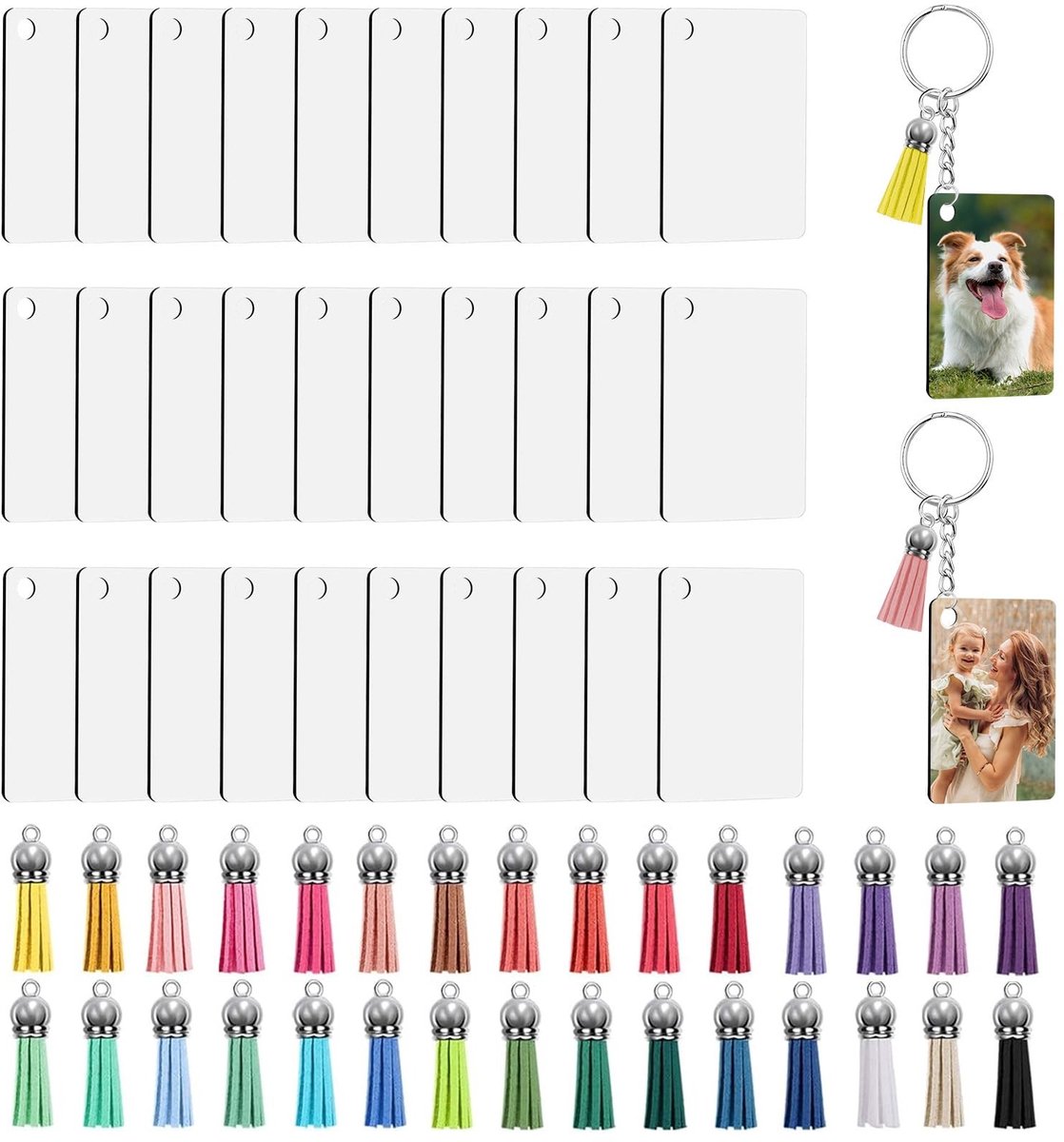 Dailygoods- Sublimatie Sleutelhanger Set 120 Stuks - MDF Blanks - Kwastjes - Hangerdecoraties - Cadeaulabels - Knutselprojecten - Sleutelhangers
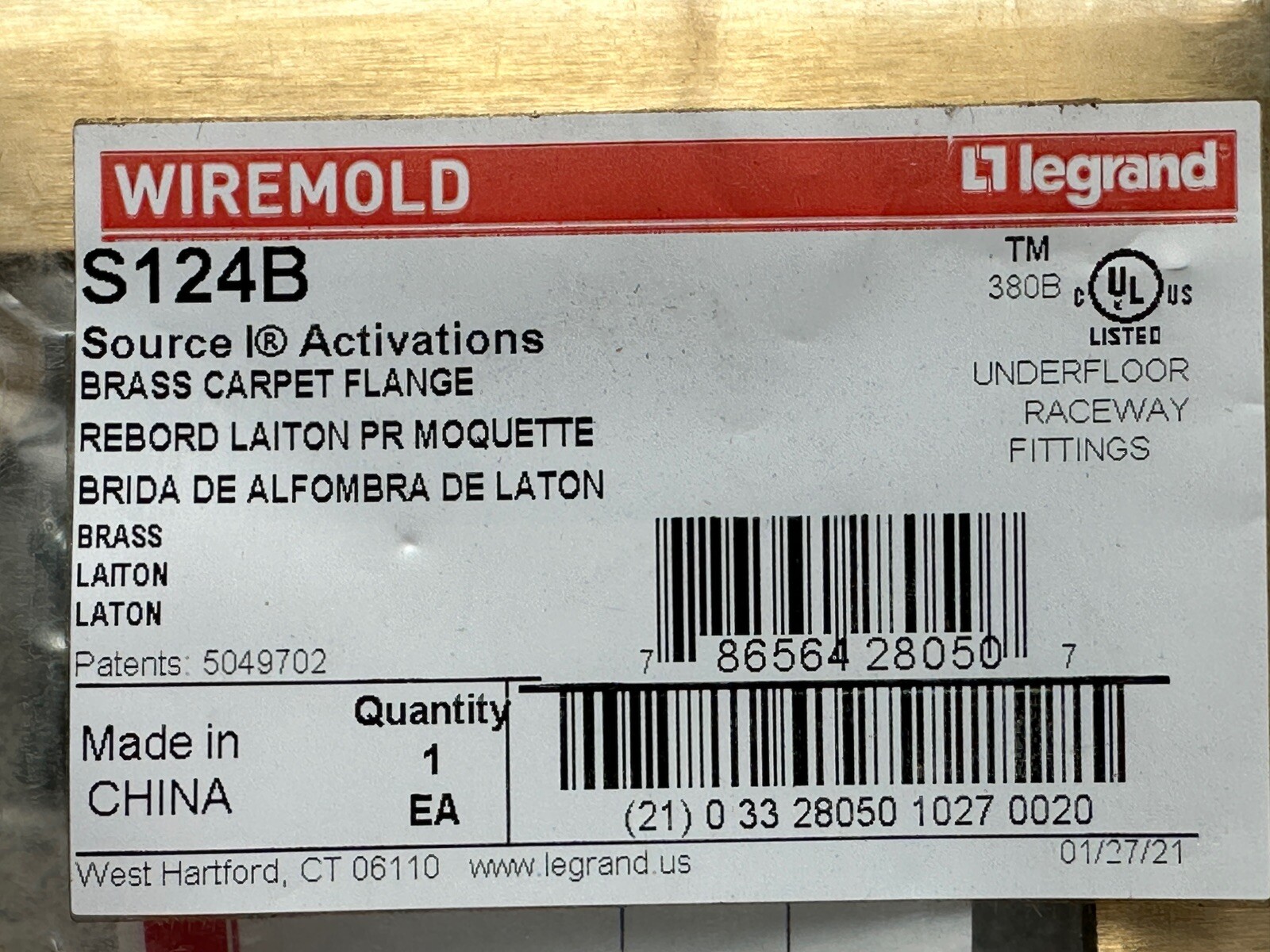 NEW WIREMOLD LEGRAND S124B SOLID BRASS CARPET PLATE OUTLET FLANGE FLUSH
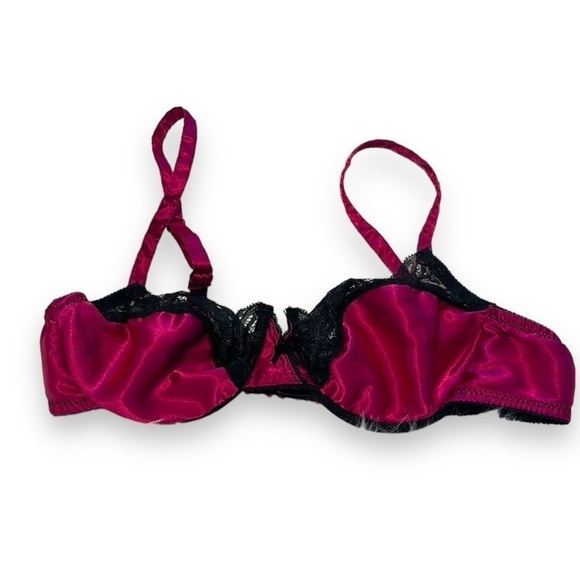 Victoria’s Secret Gold Label 90s pink satin black lace bra likenew Deadstock 34B - Picture 1 of 8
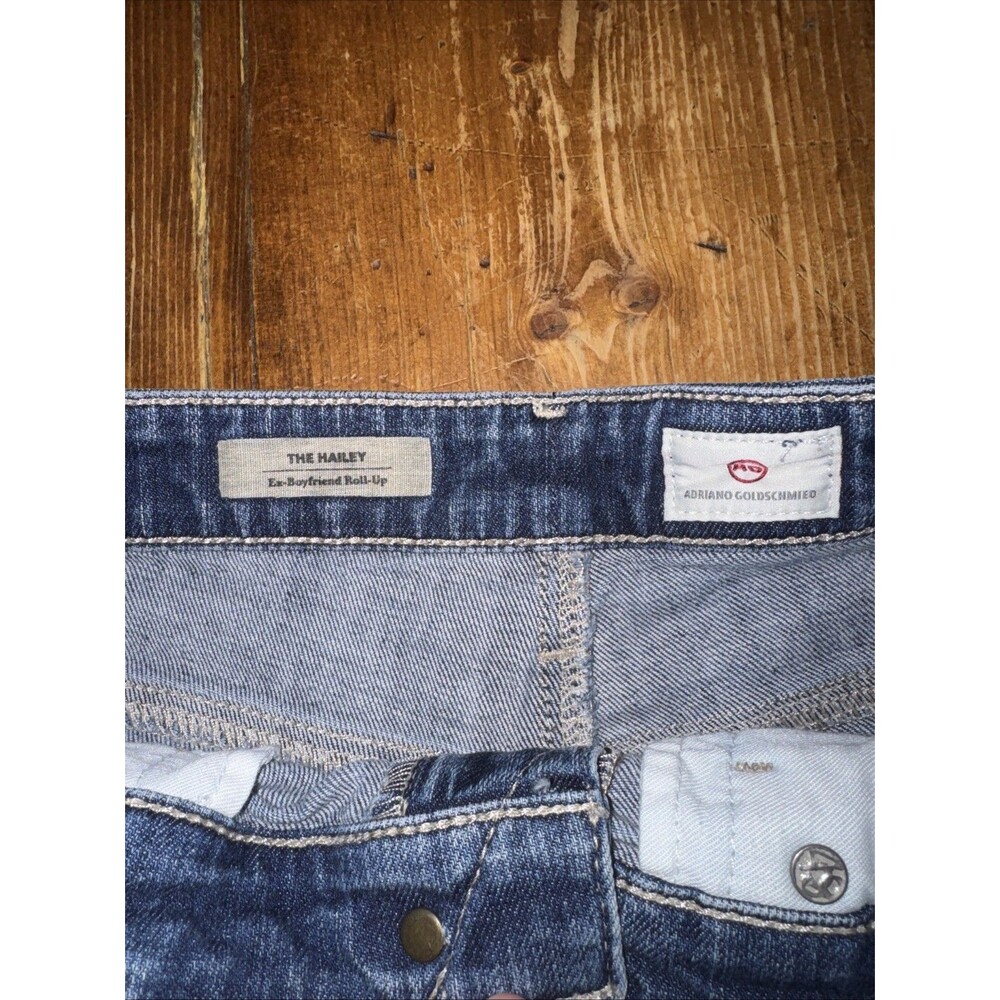 AG Adriano Goldschmied The Hailey Ex-Boyfriend Roll Up denim shorts Size 27R Blu - Picture 3 of 4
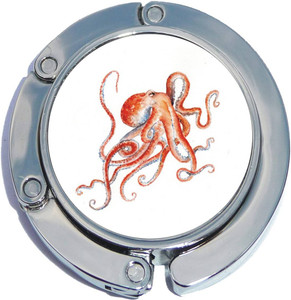Orange Watercolor Octopus Foldable Purse Hanger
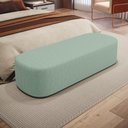 Ver imagem 3 de Kit 02 Puffsdecorativo Orgânico para Living Quarto 160cm Doha W01 Linho Verde Menta - Lyam Decor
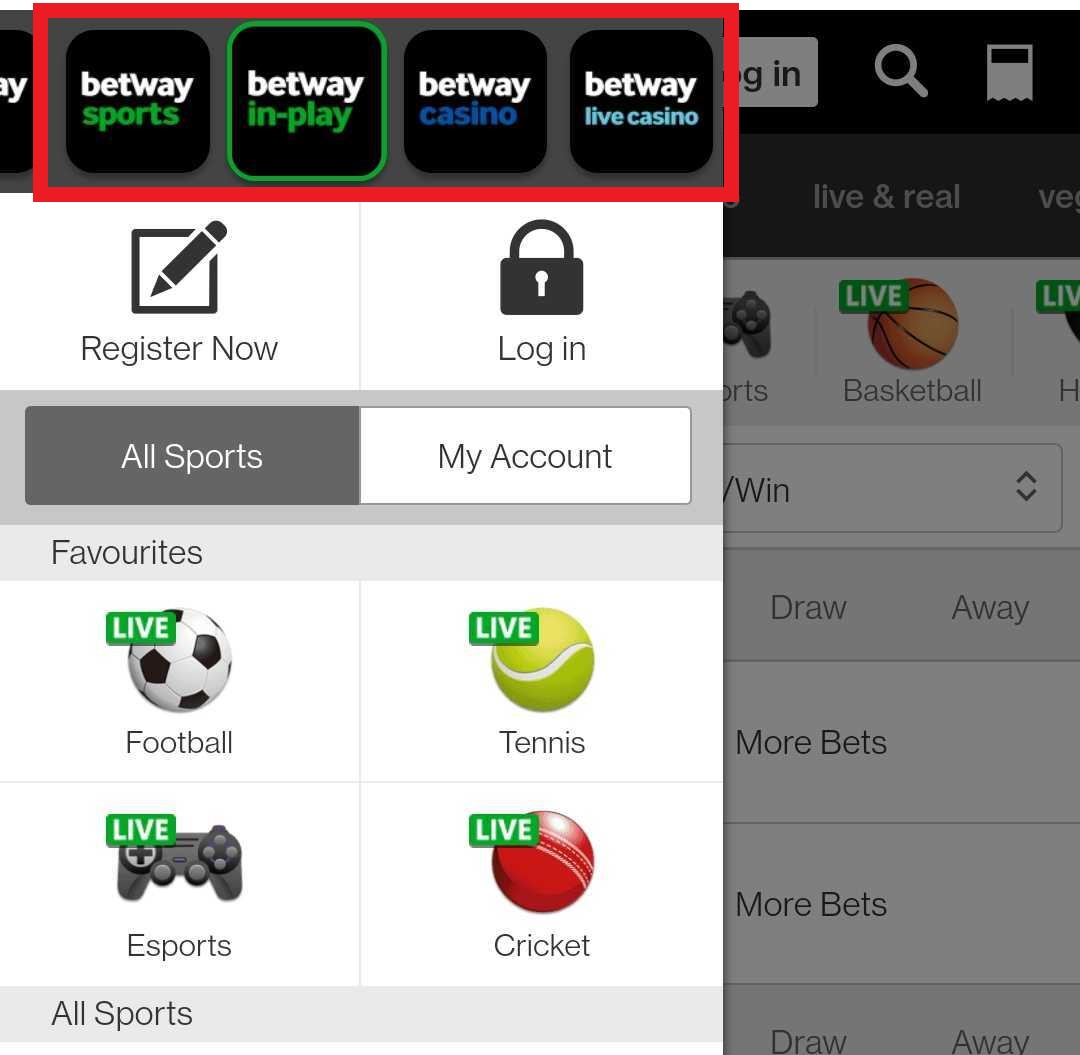 betway app navigation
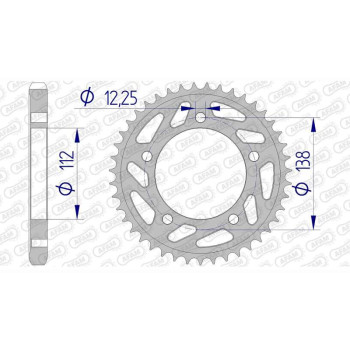 Couronne alu AFAM 43 dents pas 530 type 11508 Honda CBR 600 F Couronne alu AFAM 43 dents pas 530 type 11508 Honda CBR 600 F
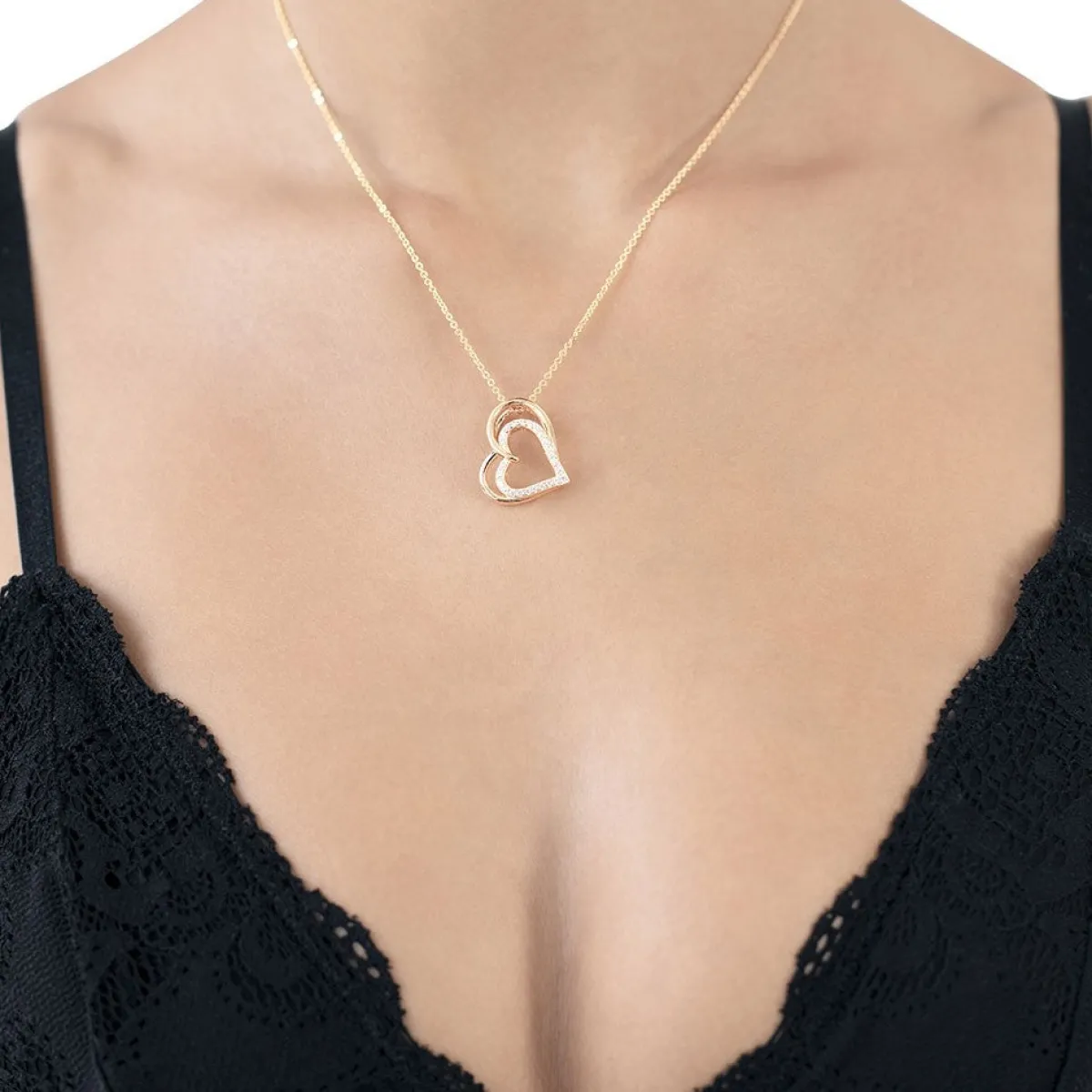 Schmuckladen Muttertagsgeschenk - Halskette Double Heart - 925 Sterlingsilber^ Muttertag|Schmuck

========================================================================

Problem requirements: The copy you produce must repeat all the entries exactly and contain no pictures.

Response to this task:
 Dailygoods- Sublimatie Sleutelhanger Set 120 Stuks - MDF Blanks - Kwastjes - Hangerdecoraties - Cadeaulabels - Knutselprojecten - Sleutelhangers
 NEW WIREMOLD LEGRAND S124B SOLID BRASS CARPET PLATE OUTLET FLANGE FLUSH
 Victoria’s Secret Gold Label 90s pink satin black lace bra likenew Deadstock 34B - Picture 1 of 8
 AG Adriano Goldschmied The Hailey Ex-Boyfriend Roll Up denim shorts Size 27R Blu - Picture 3 of 4
Orange Watercolor Octopus Foldable Purse Hanger
 Ver imagem 3 de Kit 02 Puffsdecorativo Orgânico para Living Quarto 160cm Doha W01 Linho Verde Menta - Lyam Decor
 betway app navigation
 Couronne alu AFAM 43 dents pas 530 type 11508 Honda CBR 600 F Couronne alu AFAM 43 dents pas 530 type 11508 Honda CBR 600 F
 Schmuckladen Muttertagsgeschenk - Halskette Double Heart - 925 Sterlingsilber^ Muttertag|Schmuck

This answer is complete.